_TASK DIRECTIONS_:
Extract only the first line of the listing and every line after it up to and including the one with "On the left". Omit the pictures.

_EXERCISE DATA_:
##########

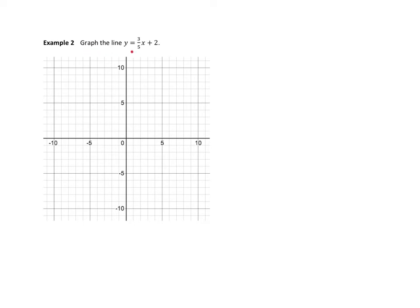In example 2, I want to graph the equation of this line: y is equal to 3 fifths x plus 2. From that graph, maybe we can figure out what the slope is and what the y-intercept is equal to. If we want to graph this line, we should set up a table of values. We'll choose some numbers for x, find their corresponding y values. We really only need two, so I'll choose two x values, find the corresponding y values, plot them, and draw the line going between them.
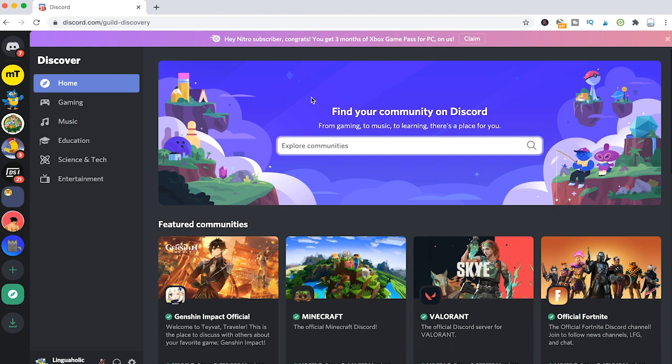On the left side you can choose from different categories or you can simply input something here in the search field.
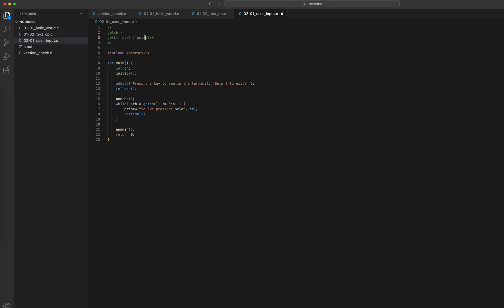The safer version is getnstr, where the programmer provides two parameters: the buffer variable and the size — how many keystrokes the program expects. getnstr will make sure anything above that size is not stored in the buffer. Another convenience: getstr treats backspace as a character, whereas getnstr does not, so getnstr is more convenient. I won't demonstrate getstr separately since both are similar; let's see getnstr in action.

##########

_EXERCISE ANSWER_:
In example 2, I want to graph the equation of this line: y is equal to 3 fifths x plus 2. From that graph, maybe we can figure out what the slope is and what the y-intercept is equal to. If we want to graph this line, we should set up a table of values. We'll choose some numbers for x, find their corresponding y values. We really only need two, so I'll choose two x values, find the corresponding y values, plot them, and draw the line going between them.
On the left side you can choose from different categories or you can simply input something here in the search field.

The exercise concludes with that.